Aber als sich das Tor öffnete, sahen wir niemanden. Alles sah so aus wie sonst, wenn die Läufer ihren Tag starteten und das Labyrinth durchquerten. Eine ganze Weile sagte niemand etwas, vielleicht waren sie gerade auf dem Weg zu uns. Jedoch war mir gestern Abend bereits klar, dass es nicht so sein sollte.

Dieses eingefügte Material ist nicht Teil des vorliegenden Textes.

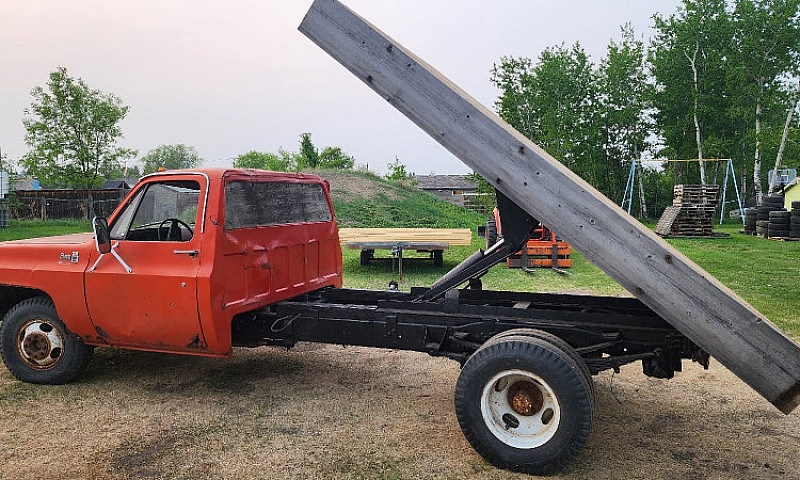 1976 Gmc Hoist Truck...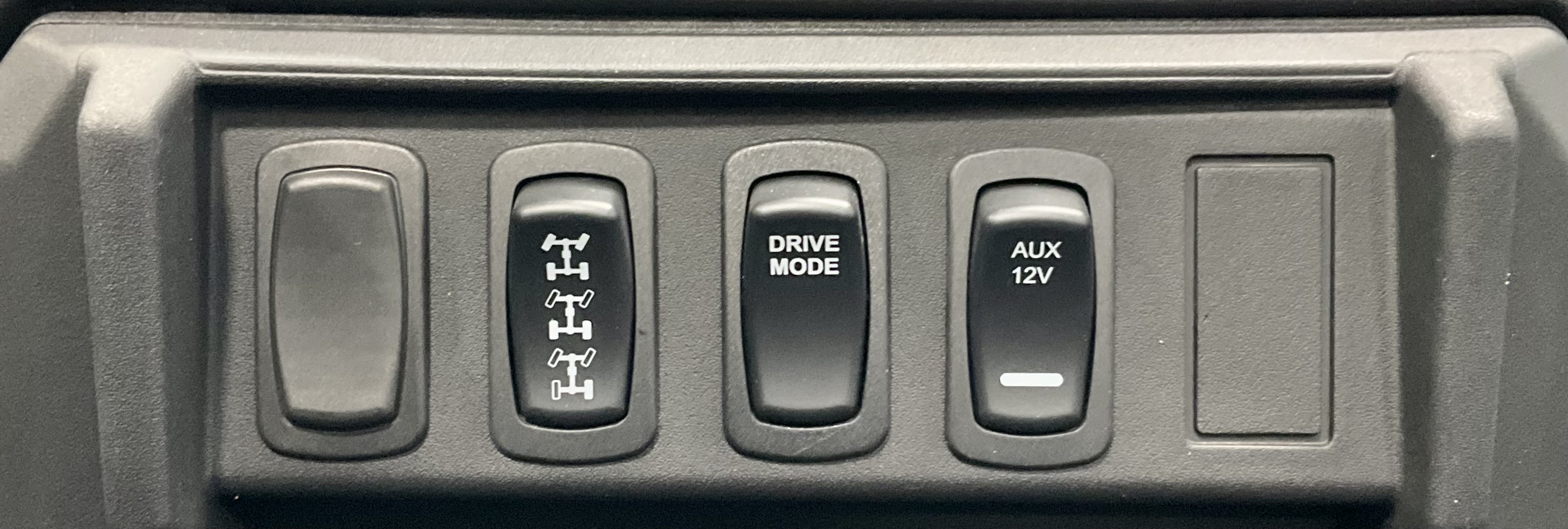 2024 Polaris Ranger XP Kinetic Premium EV - SAVE OVER $3900+ PAYMENTS LOW AS $180 BI-WKLY! - Photo 6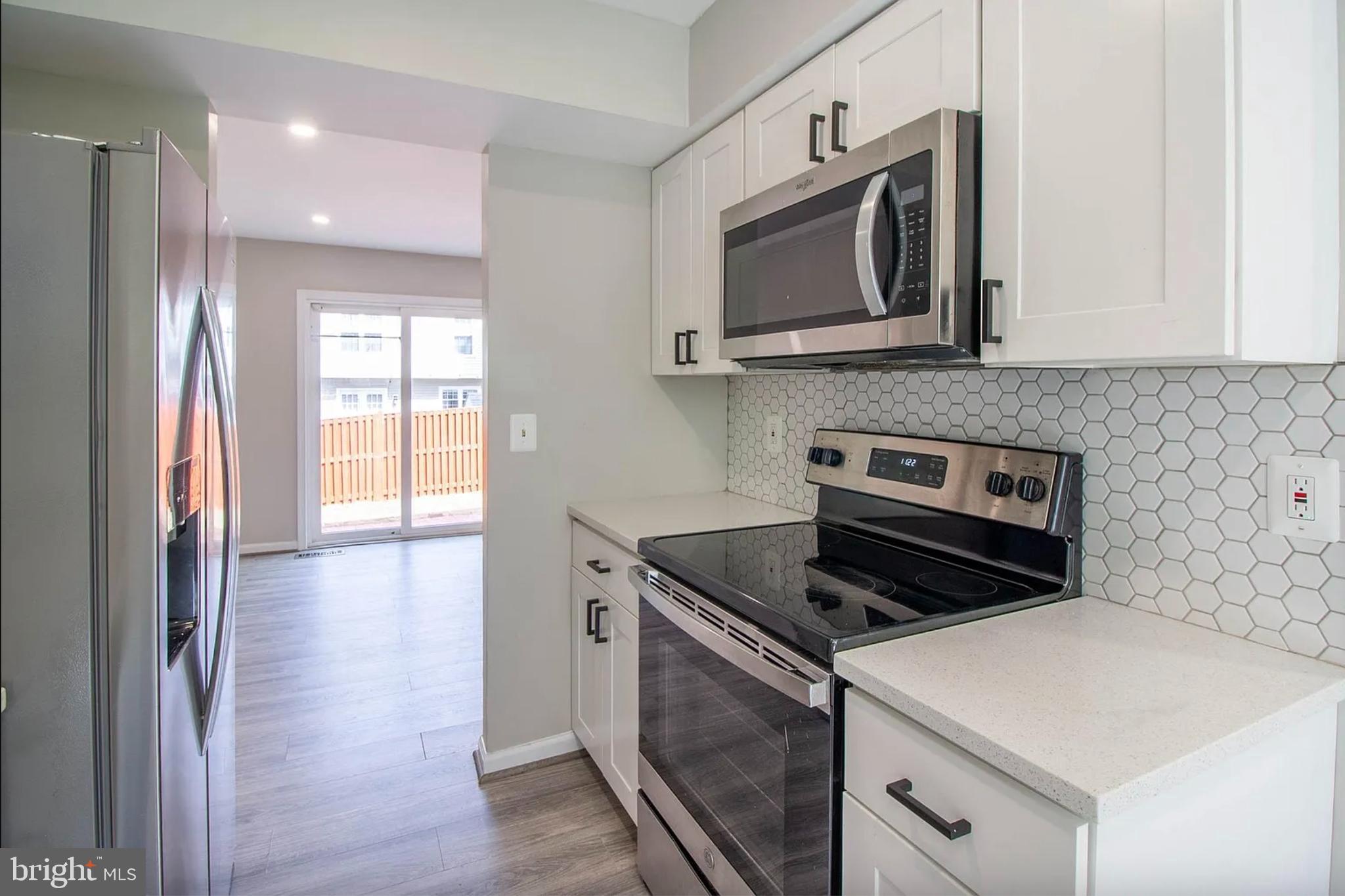 BURKE CENTRE - Residential Lease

»Glaubt ihr, sie haben überlebt?«, schluckte Clint und starrte in den menschenleeren Gang hinein. Nichts deutete daraufhin, dass bald vier junge Läufer zu uns zurückkehrten und eine ganze Rettungseinheit mit brachten. Sie blieben verschwunden auch nach der ersten halben Stunde, die wir tatenlos vor dem Tor verbrachten. Tränen traten in meinen Augen und dieses Mal konnte ich sie kaum zurückhalten. Aber es gab niemanden, der mich als Weichei bezeichnete oder sich über mich lustig machte. Insgeheim wusste jeder von uns Lichtern, was passiert sein musste und dass wir die vier Jungs nie wieder sahen. Ich konnte mir beim besten Willen nicht vorstellen, dass sie das überleben konnten.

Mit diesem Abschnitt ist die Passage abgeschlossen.